**WHAT IS REQUIRED:** As an exercise in exact copying, transcribe the lines below from the one holding "Rust Red Silk" through the last, with both ends included and pictures left out.

>>>>>

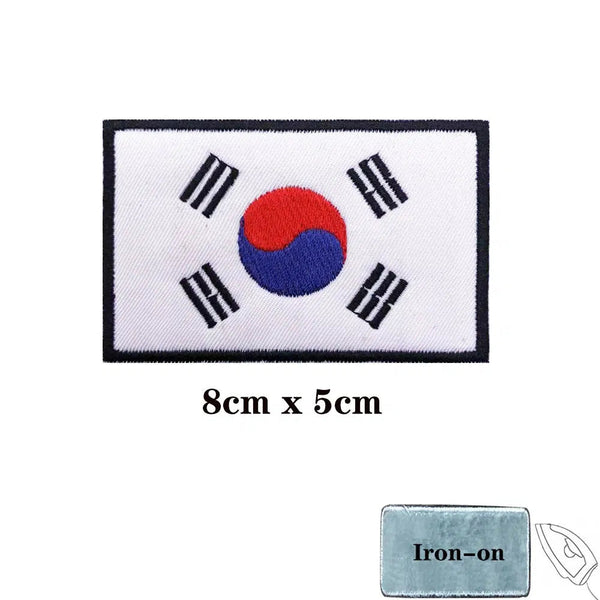 South Korea Flag Patch - Iron On/Hook & Loop Patch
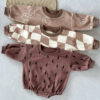 Cotton Checkered Long Sleeve Baby Romper with Smile & Lightning Prints for Newborn Toddler Daily Wear & Play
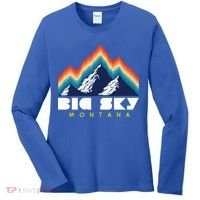 Big Sky Montana Cute Gift Usa Ski Retro Gift Women's Long Sleeve Shirt thumb 0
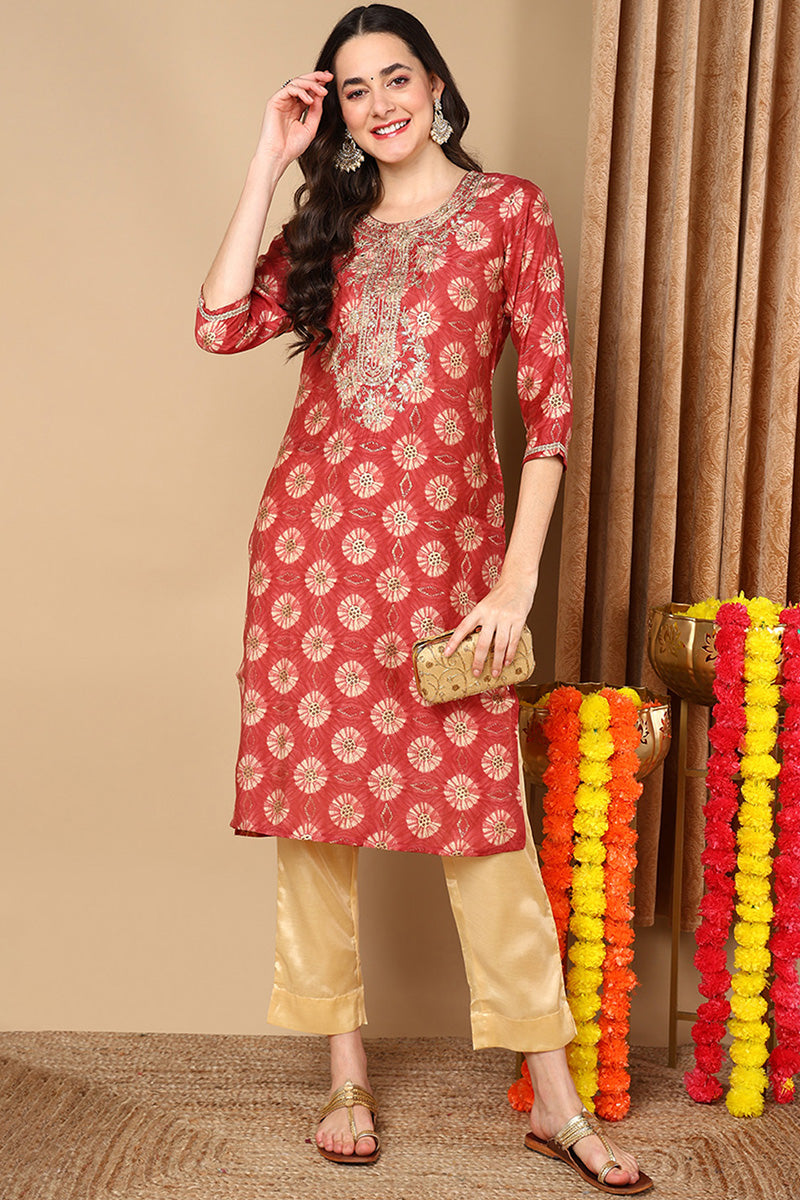 Rust Red Silk Blend Ethnic Motifs Printed Straight Kurta VCK9264 | Des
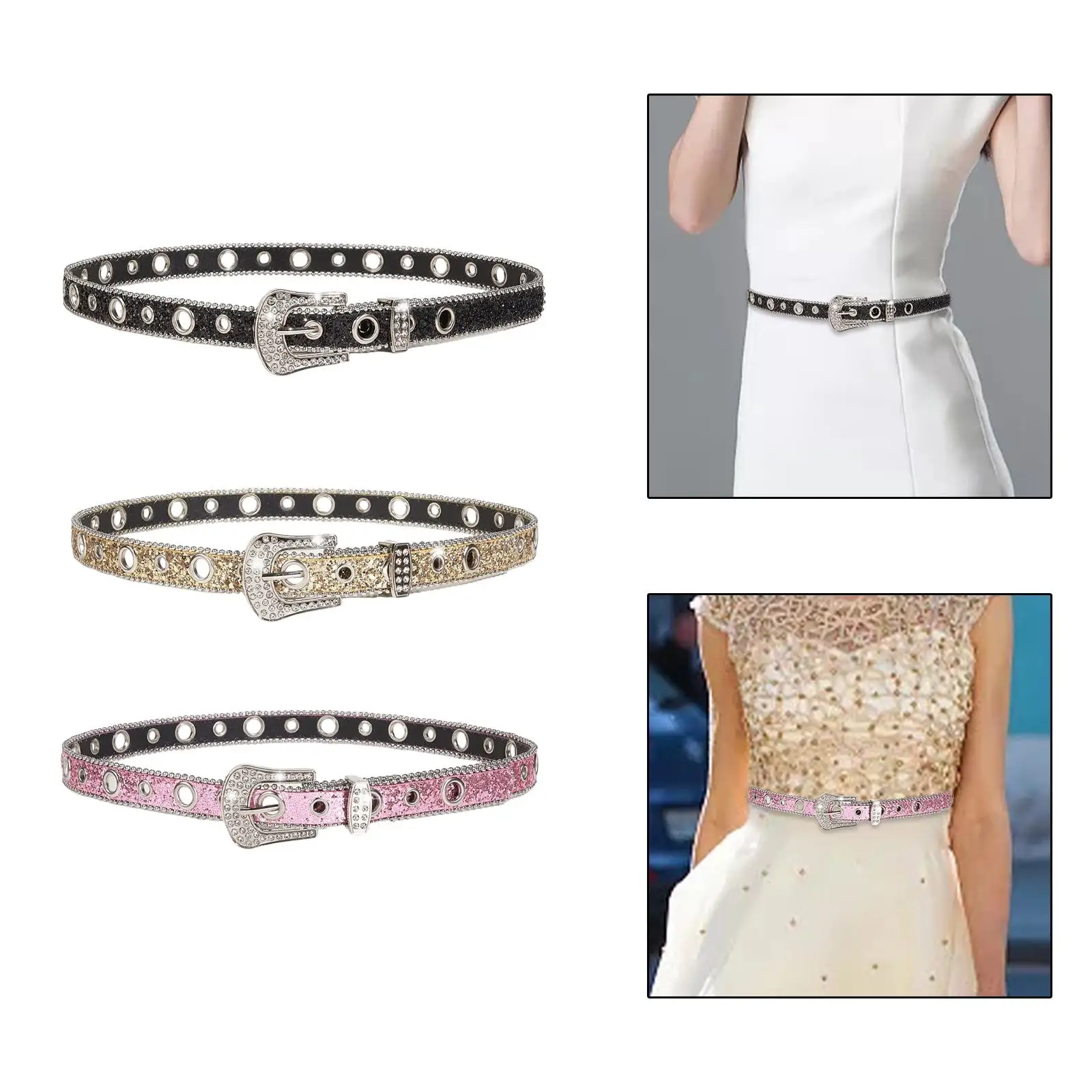 Rhinestone Belt Women PU Leather Waist Belt Eyelet Belt Costume Accessories Adjustable Pin Buckle Waistband for Party Trousers
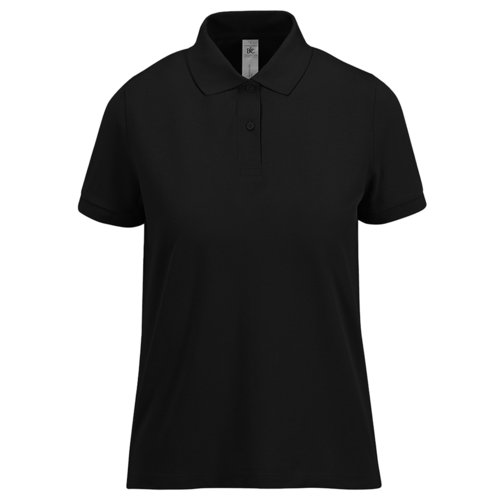 Black cotton polo shirt for women with short sleeves.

<<<<<

**WRITTEN REPLY:**
 Rust Red Silk Blend Ethnic Motifs Printed Straight Kurta VCK9264 | Des
 Rhinestone Belt Women PU Leather Waist Belt Eyelet Belt Costume Accessories Adjustable Pin Buckle Waistband for Party Trousers
 Black cotton polo shirt for women with short sleeves.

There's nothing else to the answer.